Le cachoutage, également connu sous le nom de tannage des voiles, est une méthode traditionnelle utilisée pour renforcer la résistance des voiles face aux conditions maritimes difficiles. Cette pratique vise principalement à prévenir le pourrissement des fibres naturelles telles que le lin, le chanvre ou le coton, et à les protéger des effets nocifs du soleil, des embruns salins et de l'humidité constante. En imprégnant les voiles de substances riches en tanins, les marins s'assuraient une protection efficace contre ces éléments dégradants. À présent, la transmission de ce savoir-faire se poursuit pour permettre de préserver et de perpétuer la mémoire d'un pan essentiel du patrimoine nautique.

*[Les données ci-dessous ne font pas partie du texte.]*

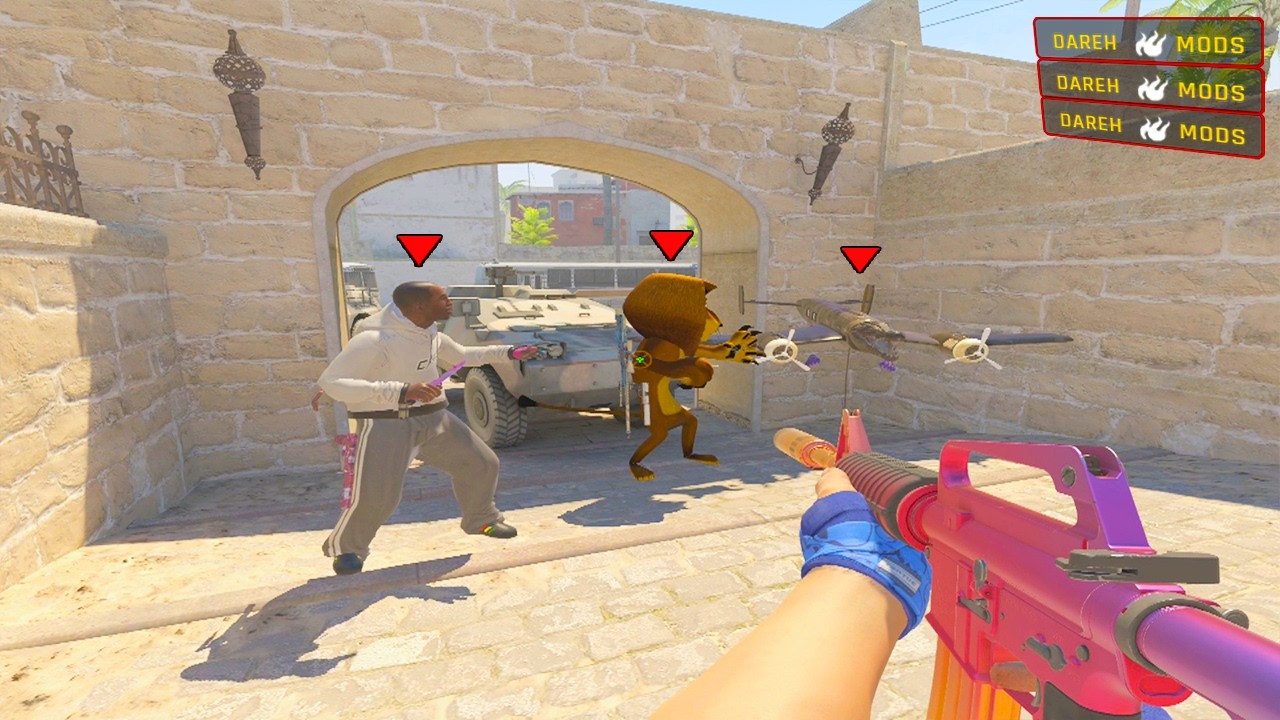 Entré al SERVER más RANDOM de CS2...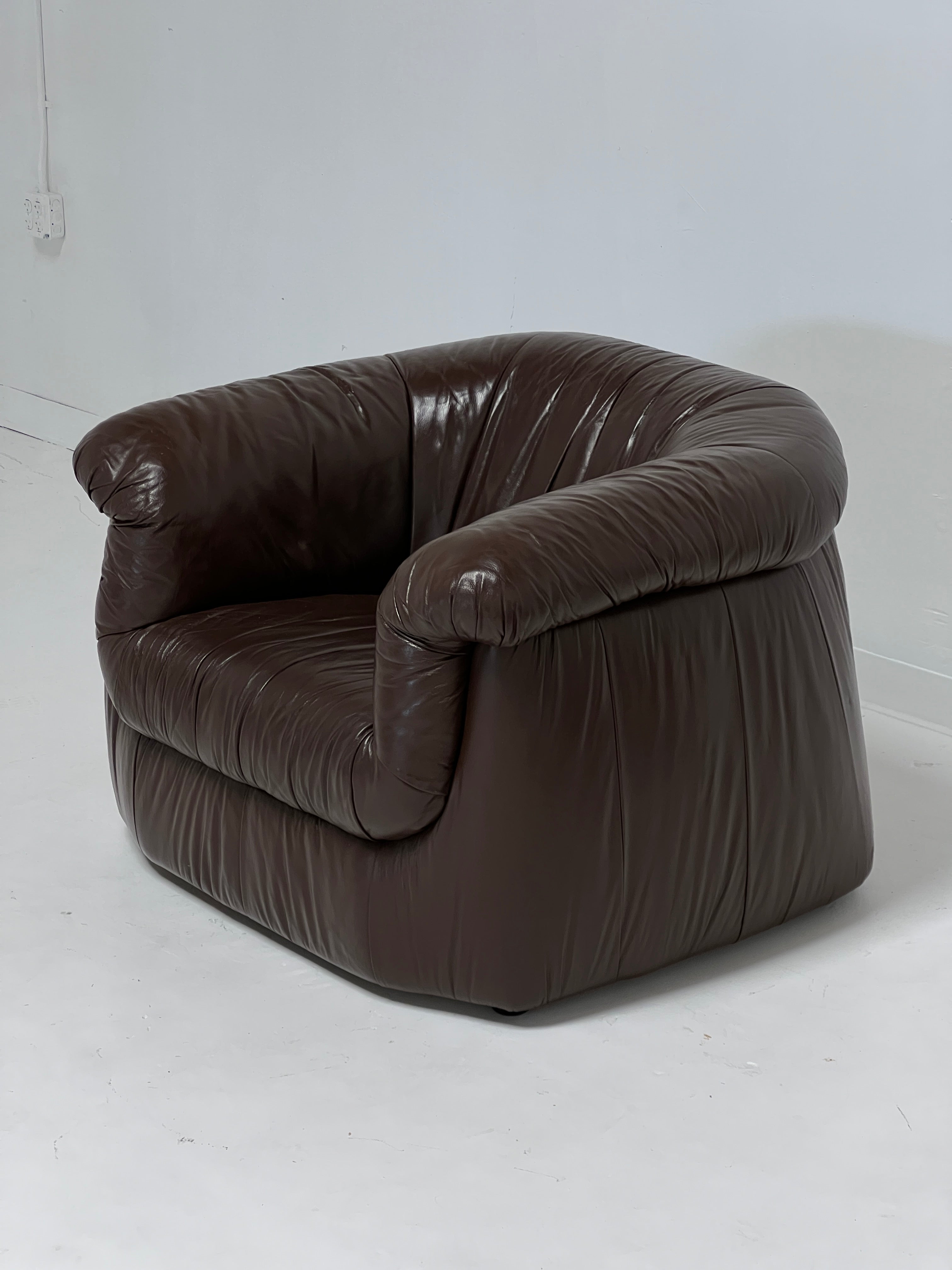 Brown Arm Chair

Un processus de tannage traditionnel
La procédure de cachoutage se déroulait en plusieurs étapes minutieuses. Initialement, les voiles étaient immergées dans l'eau de mer pour préparer les fibres à recevoir le traitement. Ensuite, une solution bouillante de cachou était appliquée sur la toile, souvent à l'aide de brosses, afin de garantir une pénétration uniforme du produit. Cette opération était répétée sur chaque face de la voile. Une fois le cachou bien imprégné, les voiles étaient de nouveau rincées à l'eau salée pour éliminer l'excédent et fixer la teinture. Enfin, les voiles étaient hissées sur le bateau pour sécher au vent. Ainsi, elles étaient prêtes à affronter une nouvelle année les conditions en mer.

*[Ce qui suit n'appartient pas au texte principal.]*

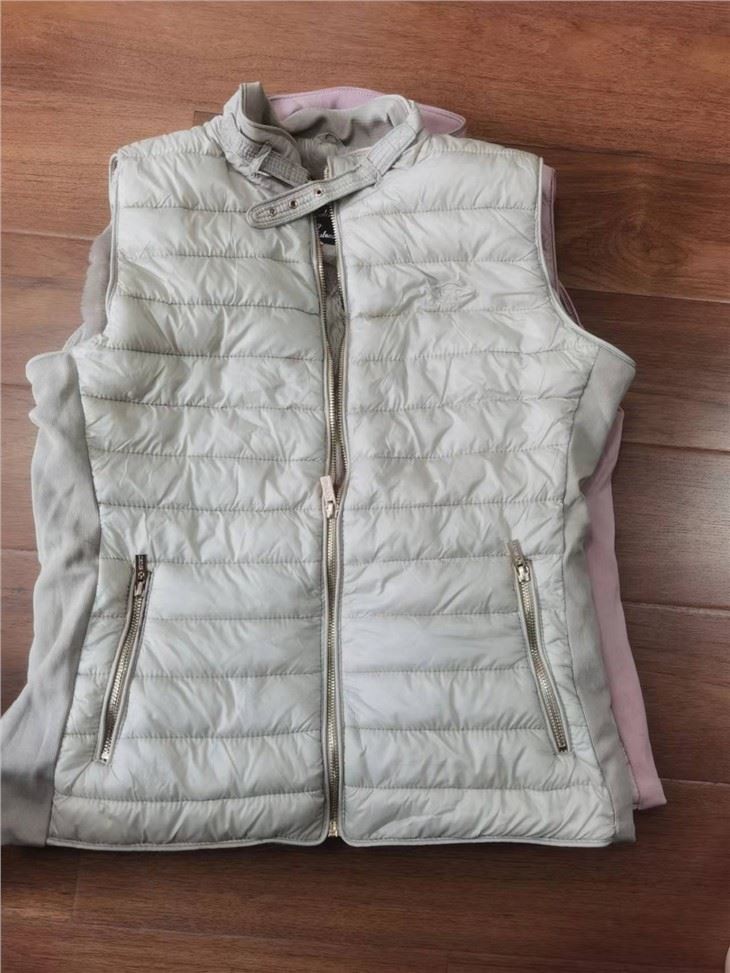 Ladies fur Linning Padded Gilet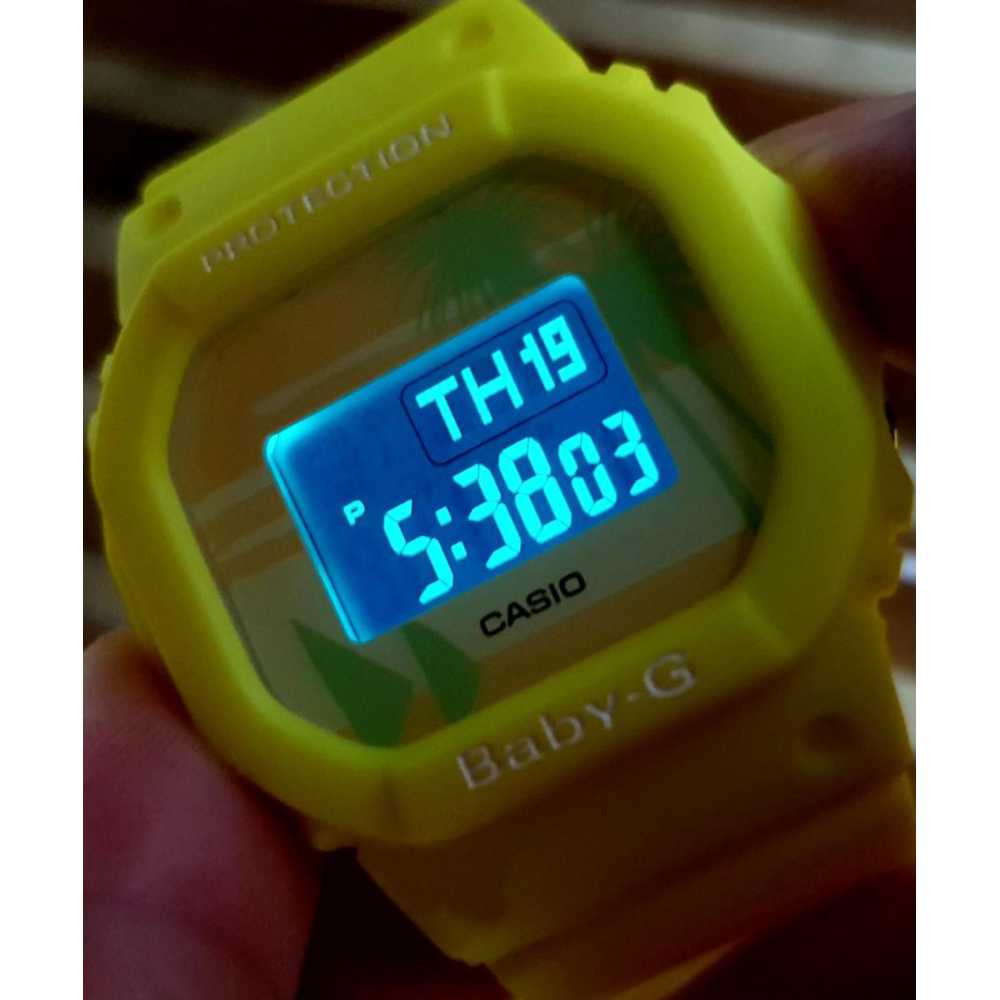 ساعت مچی زنانه کاسیو، زیرمجموعه Baby-G, کد BGD-560BC-9DR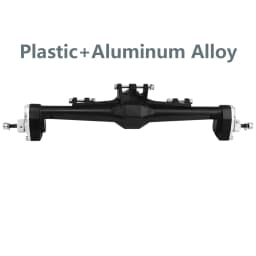 H10 Portal or Straight Axle Plastic +Brass or Aluminum Alloy Front Rear Complete Axles for Vanquish 1/10 RC Crawler Car Upgrade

Quand la nature donne des couleurs
Le cachou, ingrédient central de ce procédé, est un extrait végétal riche en tanins. Il est obtenu principalement à partir du bois de l'Acacia catechu, un arbre originaire d'Asie du Sud. Ce produit naturel confère aux voiles une teinte allant du brun rougeâtre au noir en fonction de la concentration utilisée et des traditions locales. Outre le cachou, certaines recettes incorporaient d'autres matières végétales pour obtenir des nuances spécifiques.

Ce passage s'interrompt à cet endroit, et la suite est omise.